Finance Minister Enoch Godongwana was under pressure to curtail the government’s growing budget deficit while also maintaining spending and keeping taxes low.

Finance Minister Enoch Godongwana.
Finance Minister Enoch Godongwana. Image Credit: National Treasury

This he achieved by plundering the country’s reserves in what was widely described as an unsustainable strategy. Otherwise, the budget was noted for nothing much other than changes in arcane administrative rules that nobody other than a CA would understand.

Nonetheless, the budget highlights a continuation of the government’s fiscal strategy aimed at achieving stability and sustainability in public finances. For both local and foreign investors, these measures could have varying implications for investment decisions in the South African economy.

Firstly, the commitment to achieving a primary budget surplus and stabilising debt by 2025/26 suggests a positive trajectory for fiscal discipline. This can instill confidence among investors, both local and foreign, regarding the government’s ability to manage its finances responsibly, which is crucial for long-term economic stability.

The projected narrowing of the consolidated budget deficit from 4.9% of GDP (from 4% in 2023/24) to 3.3% by 2026/27 further demonstrates a concerted effort towards fiscal consolidation. This may be viewed favourably by investors as it reduces the risk of fiscal imbalances that could lead to macroeconomic instability.

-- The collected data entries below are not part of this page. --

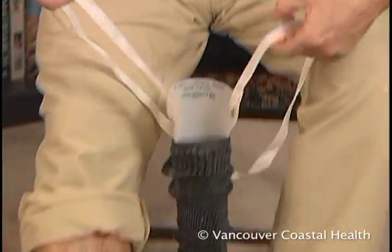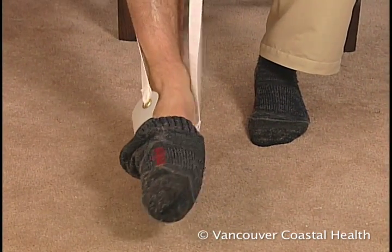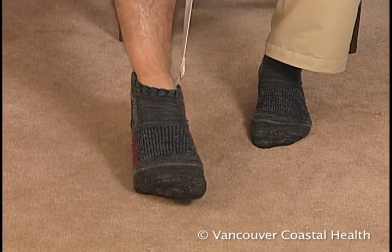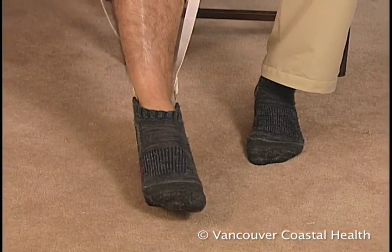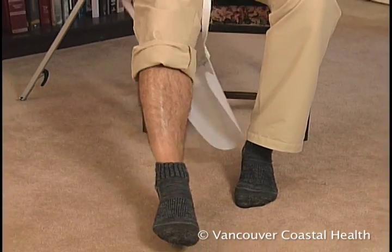Hold onto the string and place the aid on the floor. Slowly work your foot into the sock until your toes touch the end of the sock. Now pull on the strings — the aid slips out and the sock moves onto the foot.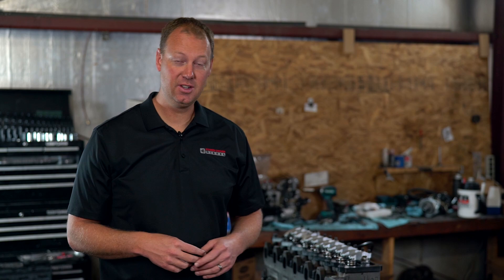Why am I standing in front of this fresh engine when I just recently built this engine? Because of this.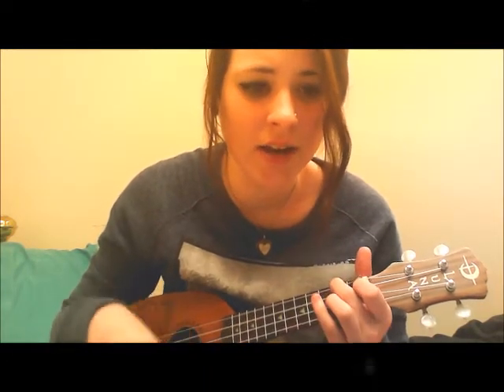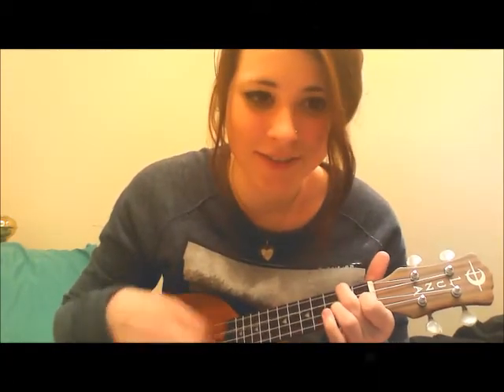It starts G, A minor, F, C. G, A minor, F, C. When you feel my heat — G. Look into my eyes — A minor. It's where my demons hide — F. It's where my demons hide — C. Don't get too close — G. It's dark inside — A minor. It's where my demons hide — F. It's where my demons hide — C. That's pretty simple.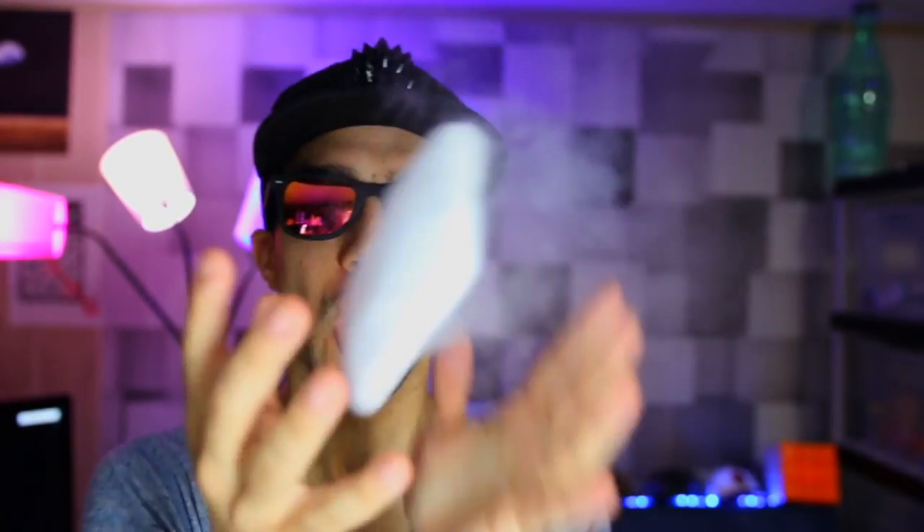Hey guys, welcome back to Incredible Science. I have dry ice in my hand. You can't hold it for too long or it will burn your hand, so I'm just quickly throwing it up as you see here. We have a really cool experiment to do today.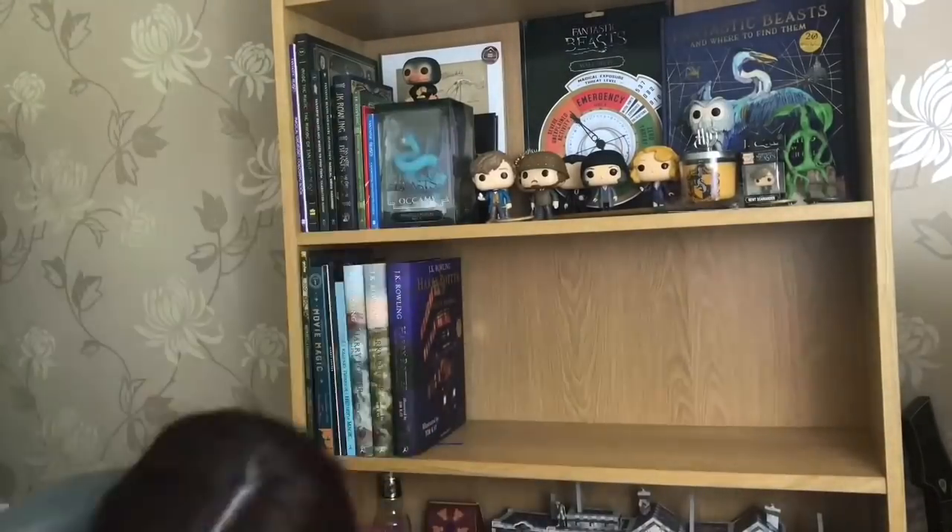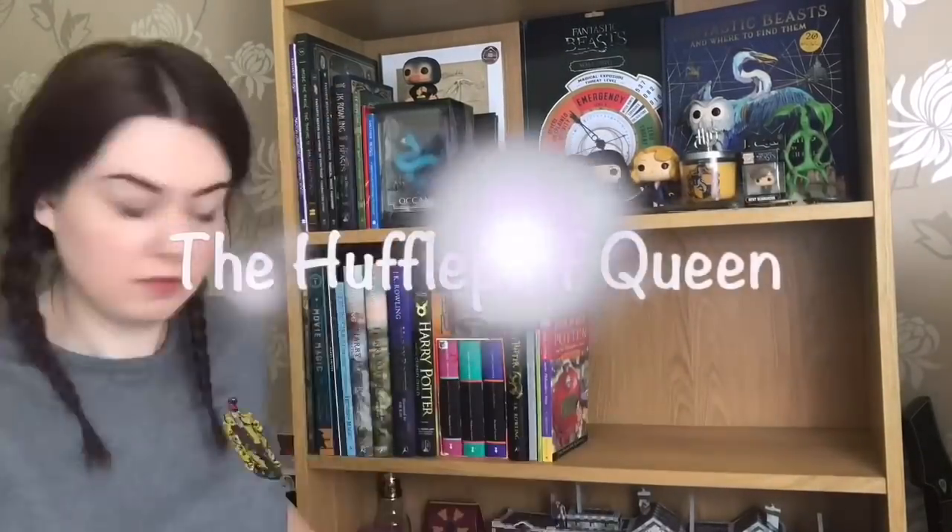So today Potterpuffs, I am unboxing something truly magical. Hey Potterpuffs, welcome back to my channel. I can't believe what I'm about to show you today. I told you it was good in my last video. This product isn't even out yet — it's available for pre-order, and I think it's already sold out. It is absolutely amazing. You may have seen it on Facebook; it's been floating around the internet, but it honestly is going to blow you away.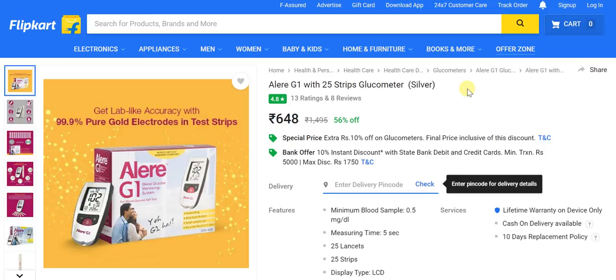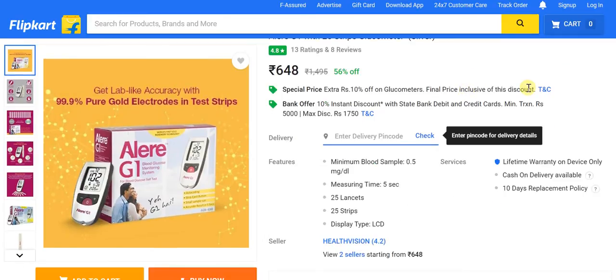In terms of accuracy, we're looking at 99.9%, and that too in the form of pure gold electrodes with test strips. The minimum blood sample required is just 0.5 mg per dL, and the measuring time is only 5 seconds. You get 25 lancets and 25 strips, and the display type is LCD — everything is crystal clear right up front.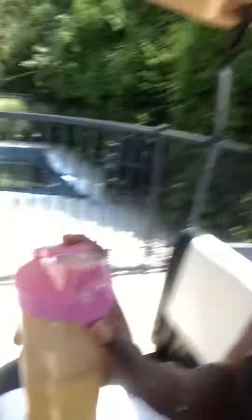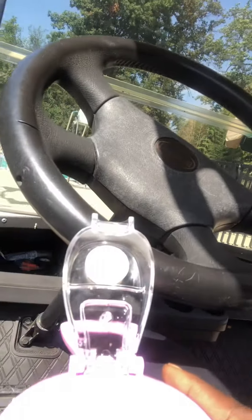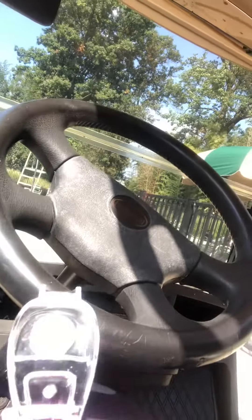Yes, I'm in a cart they have for the pool. You just open this part up — hold on, I'm doing this with one hand — you press this button right here, and then that comes up and you have your smoothie on the go.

However, the proposed tax increases, particularly on excise duties for alcohol and tobacco products, might have mixed implications. While they generate additional revenue for the government and help address immediate fiscal pressures, they could also potentially dampen consumer spending and business profitability in those sectors. This could impact investment decisions, especially for companies operating in these industries.

On the other hand, the implementation of a global minimum corporate tax rate and incentives for producers of electric vehicles could attract foreign investment. The adoption of international tax standards enhances the country’s credibility and attractiveness for multinational corporations, as it aligns with global norms and reduces the risk of tax-related disputes. Additionally, the incentives for electric vehicle producers signal the government’s commitment to fostering green industries and innovation, which could incentivise investment in renewable energy and sustainable technologies.

Moreover, the allocation of significant funds towards education, healthcare and social protection programmes underscores the government’s focus on human capital development and social welfare. This can be perceived positively by investors, as a skilled and healthy workforce is essential for productivity and economic growth.

Overall, while the budget reflects efforts towards fiscal sustainability and social development, the impact on investment will depend on various factors such as sector-specific policies, regulatory environment, and global economic conditions. Ensuring effective implementation of these measures and maintaining policy consistency will be crucial in attracting and retaining investment in the South African economy.